Supplied material below:

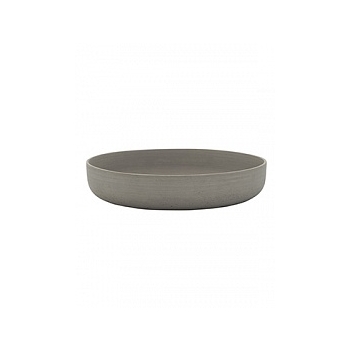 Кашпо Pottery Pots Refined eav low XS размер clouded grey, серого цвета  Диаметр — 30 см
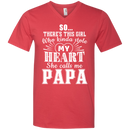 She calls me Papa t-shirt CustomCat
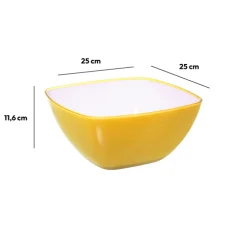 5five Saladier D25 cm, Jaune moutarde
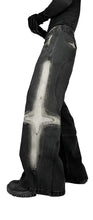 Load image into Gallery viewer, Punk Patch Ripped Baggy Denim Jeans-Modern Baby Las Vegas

End of Supplied material.
Supplied material below:

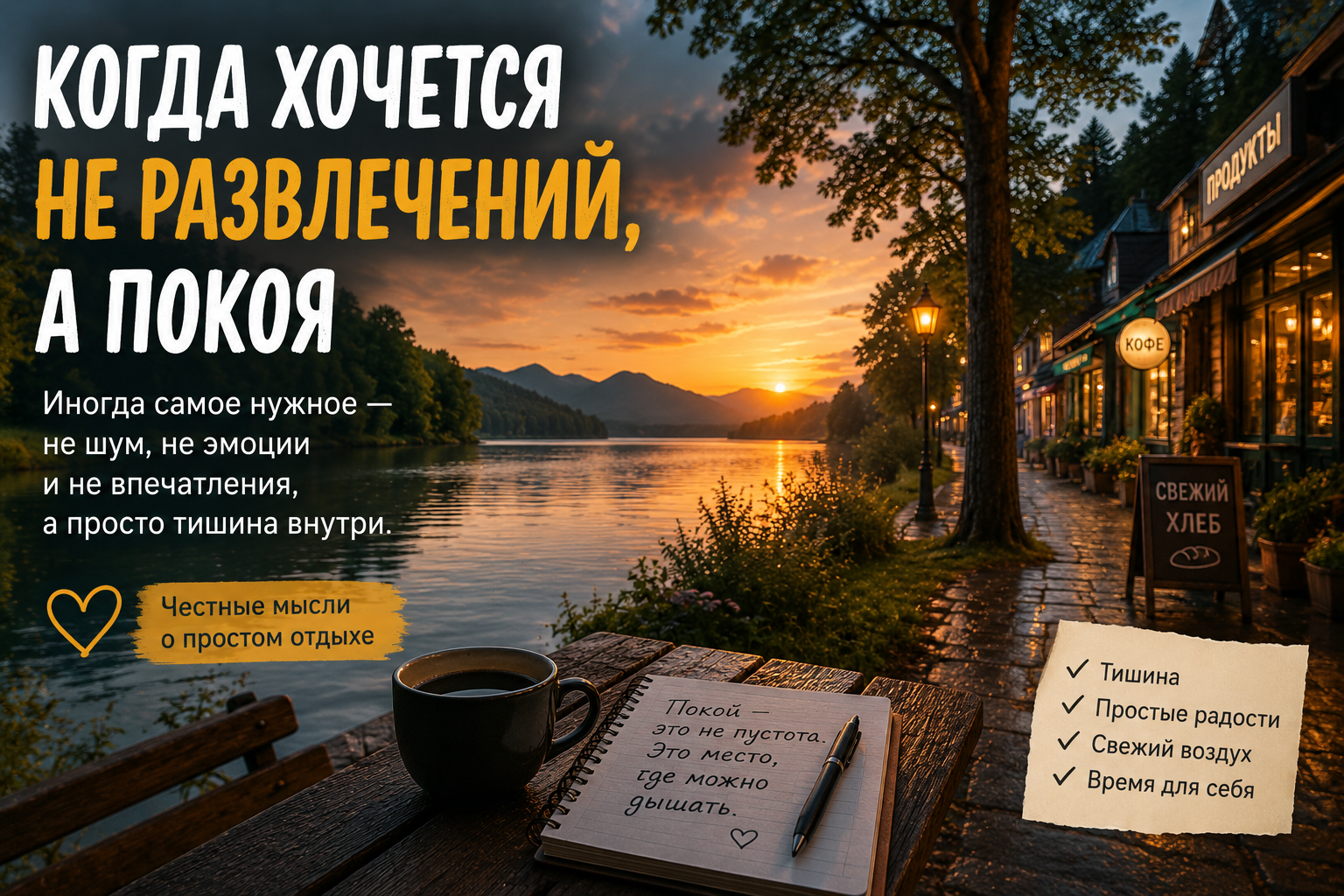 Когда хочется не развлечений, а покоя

End of Supplied material.

Between and including the line above that contains "Кашпо Pottery Pots" and the line that contains "Load image into", restate every line word for word. Pictures stay out.

 Кашпо Pottery Pots Refined eav low XS размер clouded grey, серого цвета  Диаметр — 30 см
 She calls me Papa t-shirt CustomCat
 5five Saladier D25 cm, Jaune moutarde
 Load image into Gallery viewer, Punk Patch Ripped Baggy Denim Jeans-Modern Baby Las Vegas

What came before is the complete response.